Chris Danese: Thank you. Good afternoon, thank you for coming to our session. Honestly, what an amazing conference Okta has put on; this is my first time. Having the opportunity to not only attend, but certainly I'm very humbled to have the opportunity to speak and present to you today. As introduced, I am with Experian. I would ask you to raise your hands to let me know how many people are familiar with Experian, but I can't see back that far. Oh, there's one! So, excellent.

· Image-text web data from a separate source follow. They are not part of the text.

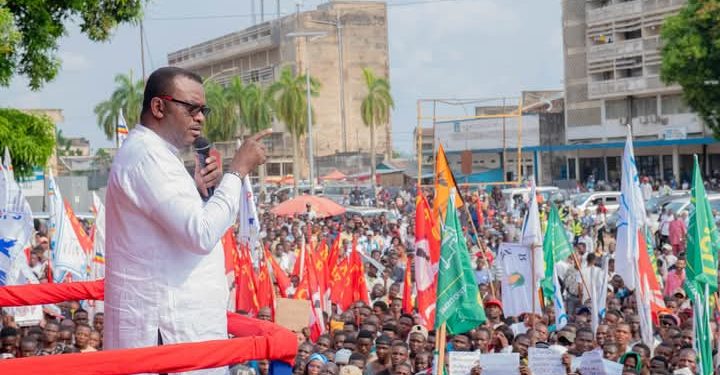 Agression Rwandaise : le VPM Jean-Pierre Lihau mobilise les jeunes de Kisangani à rejoindre les FARDC pour défendre l’intégrité territoriale de la RDC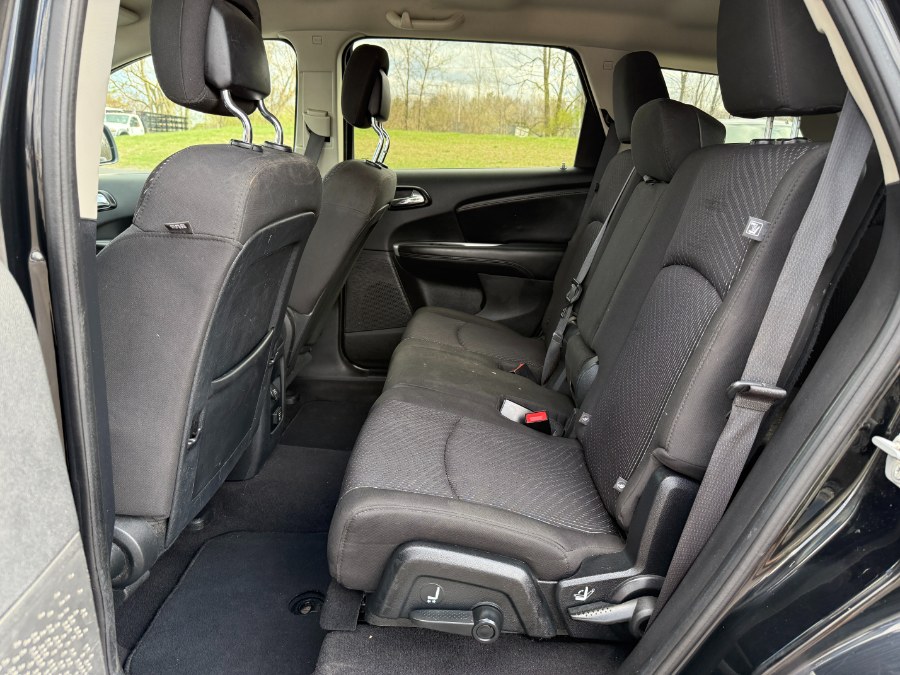 2016 Dodge Journey FWD 4dr SXT photo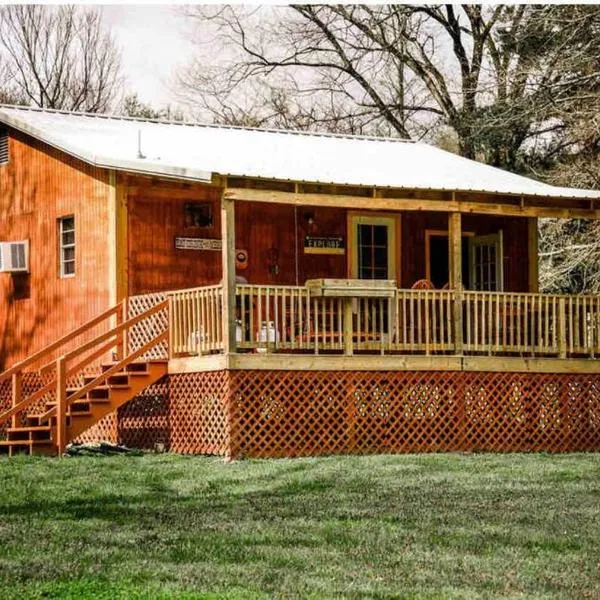 Caddo Cabin on Collier Creek，位于Norman的酒店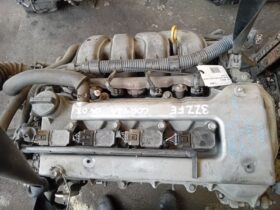 TOYOTA Komplett Motor (Segédberendezésekkel)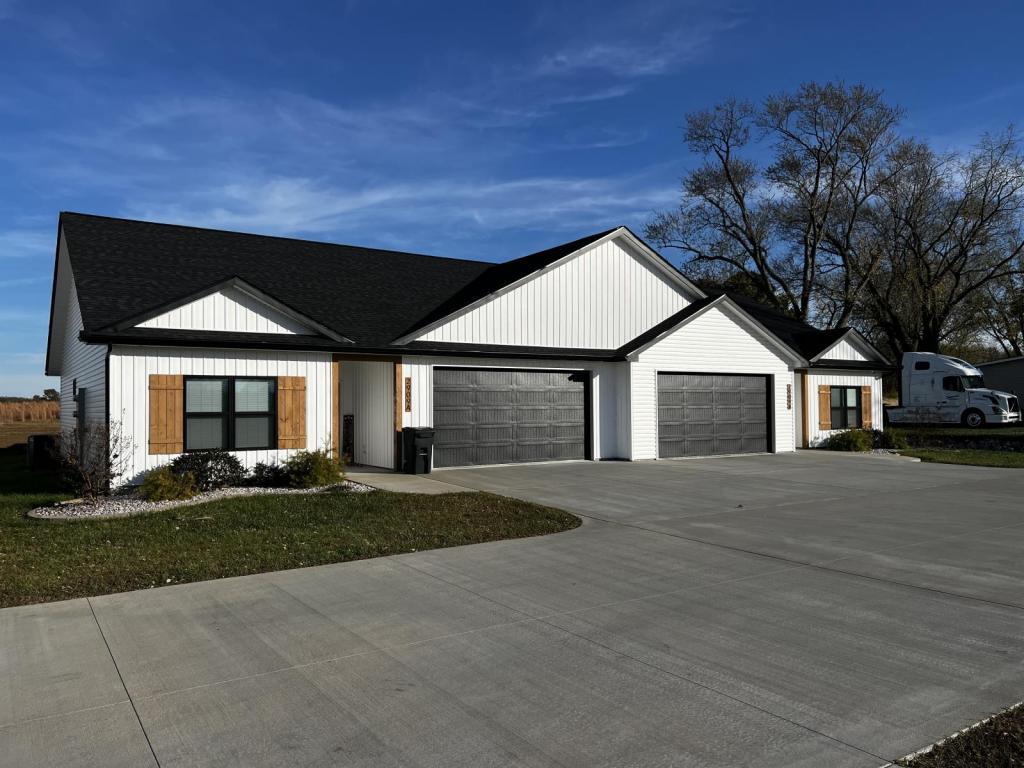 2755 S Market St – photo 1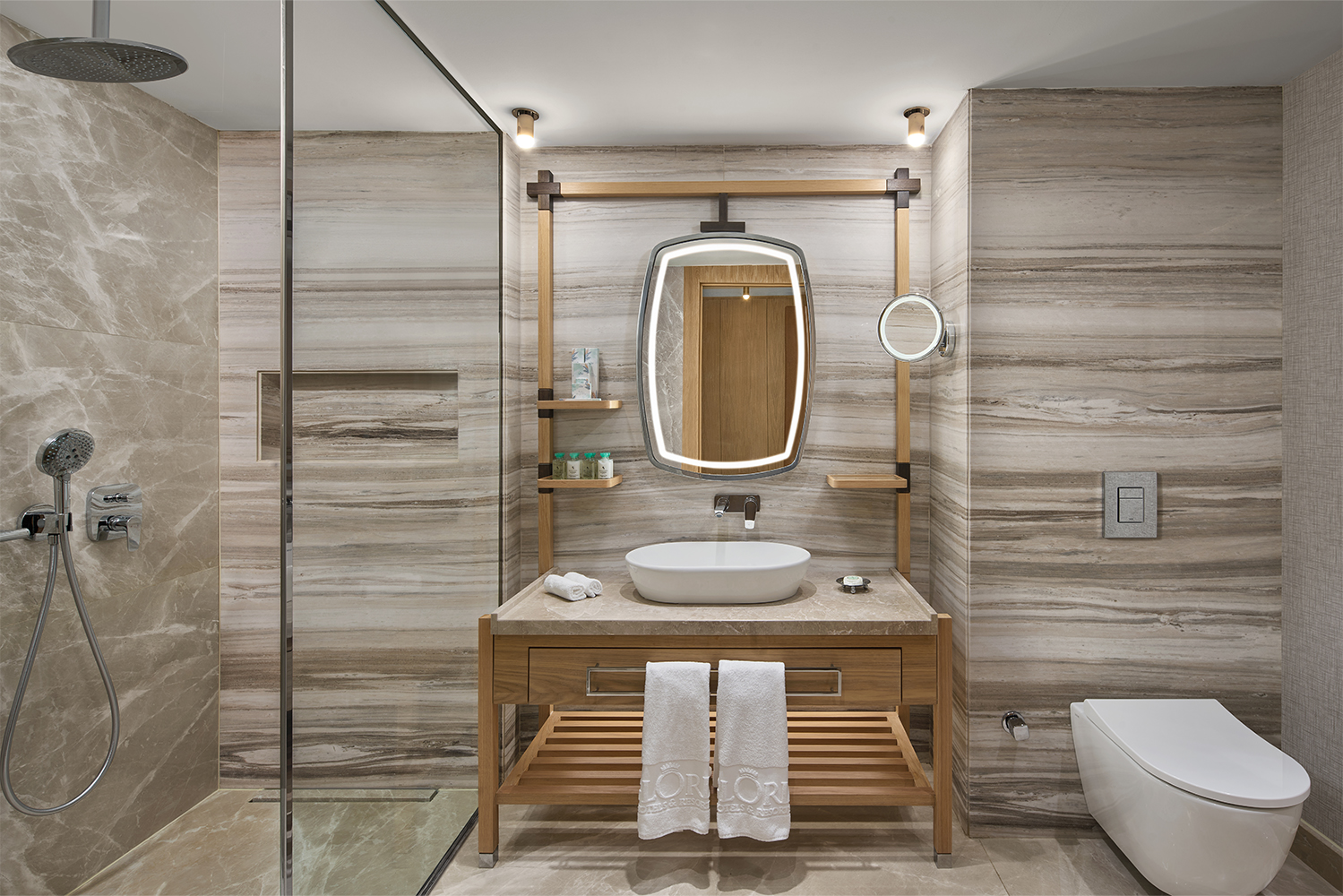 Superior Room Laguna، Gloria Serenity Resort 4/4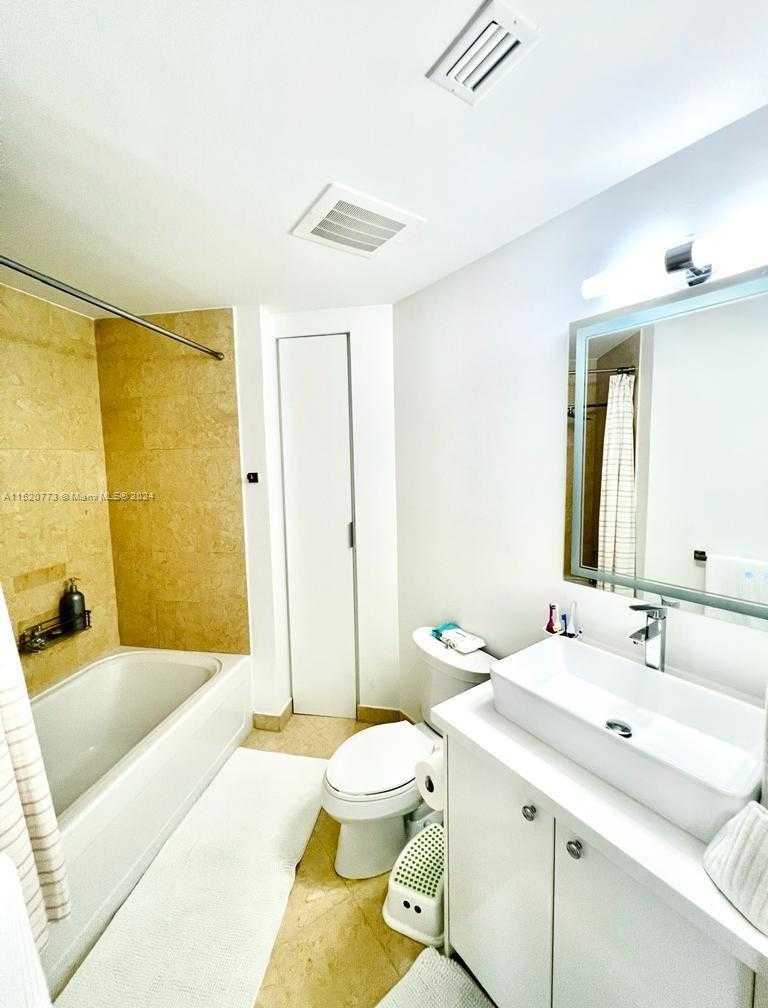 Small Image of 19900 EAST COUNTRY CLUB DR #PH20, Aventura Number 18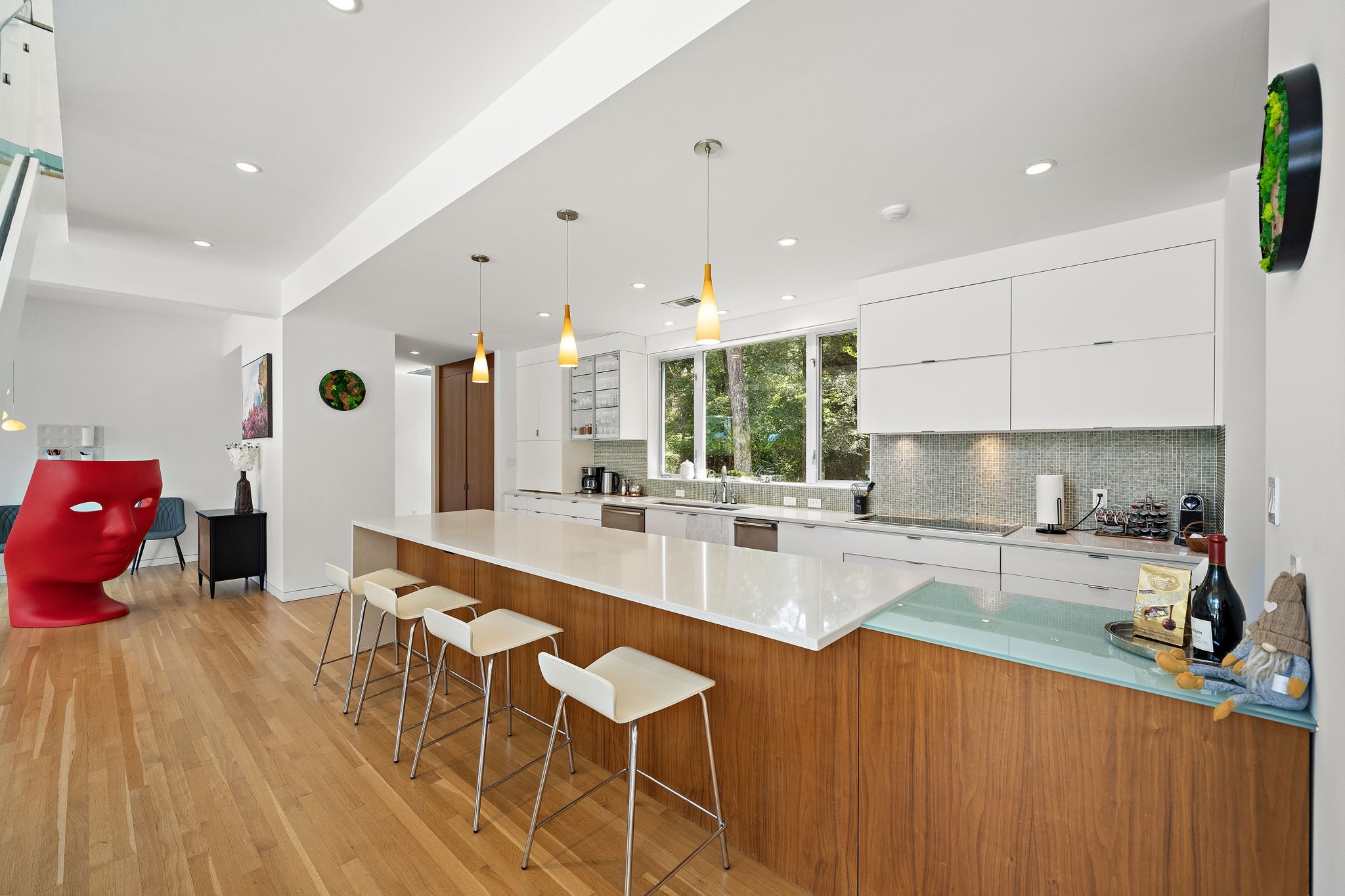 118 Angel Leaf Road Spring, TX 77380 - Photo 8 of 50 Chef’s kitchen features ample cabinetry, modern appliances, and a spacious island.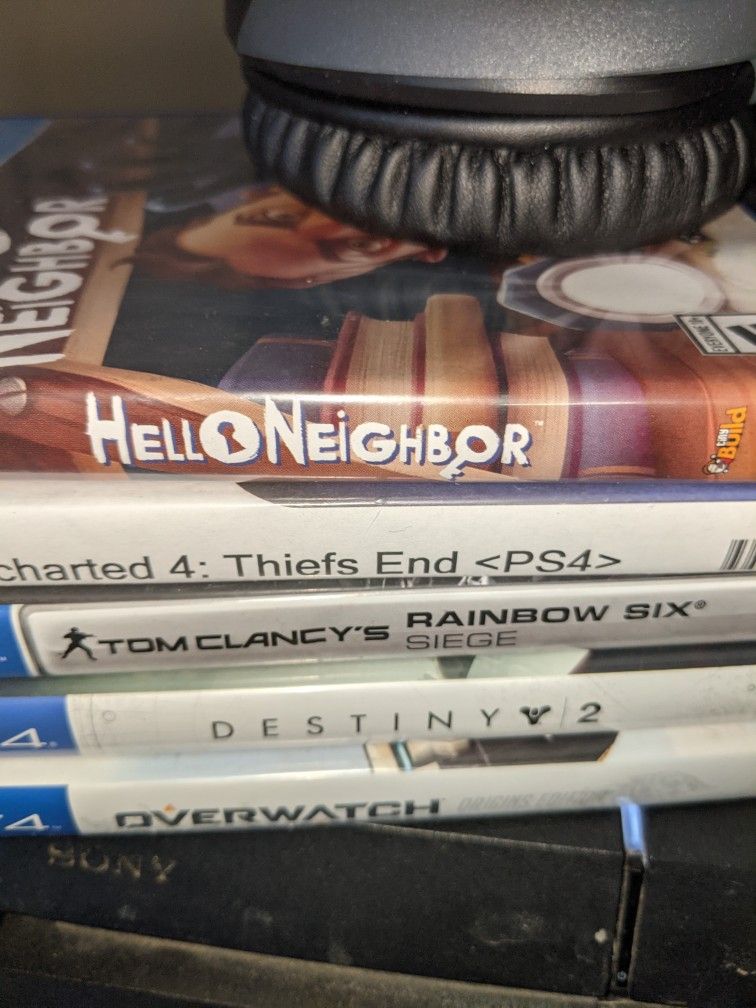 new PlayStation 4 with games, headset and controler Electronics & Media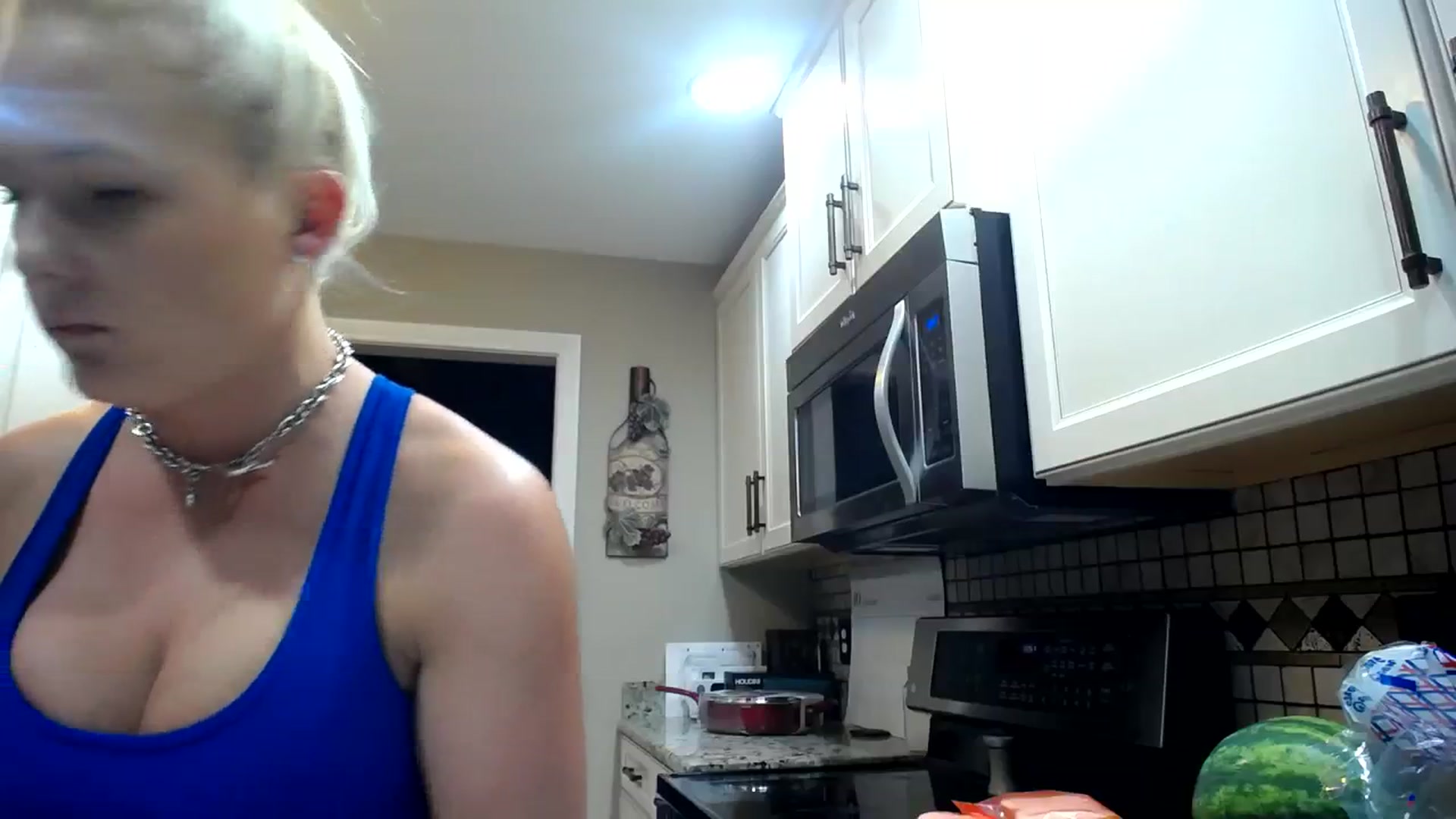 Gallery image thumbnail from AshlynnStorm's myfreecams stream on, 09/30/2023, 06:15 image 6 of 20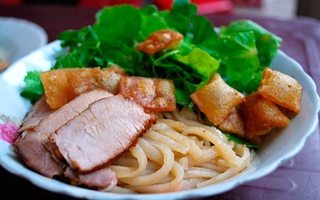 Báo nước ngoài gợi ý 10 món ăn phải thử ở Việt Nam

Experian is primarily, most people would know us as, a credit reporting agency. We collect and aggregate data over 1 billion consumers worldwide. We are a global company. We serve a number of different client bases, from financial institutions, banks, credit unions, e-commerce, retailers, utility companies, government agencies, and a wide range of other host channels. Ultimately, I just want to share with you the types of consumers and clients that we support. In addition to that, we also offer a number of products for direct to consumer. So, Experian, for example, offers credit monitoring services for consumers. Many of you who have a relationship with financial institutions may offer some form of credit monitoring; whether that credit monitoring is for credit risk or credit repair, and/or for fraud prevention/identity theft type monitoring. That's a little bit of a history relative to Experian. We employ over about 15,000 individuals worldwide, and I'm very proud to be in front of you today as a member of our fraud and identity verification business. I'm a business consultant who provides expert advice to our clients, relative to potential fraud risk that may exist within their organization.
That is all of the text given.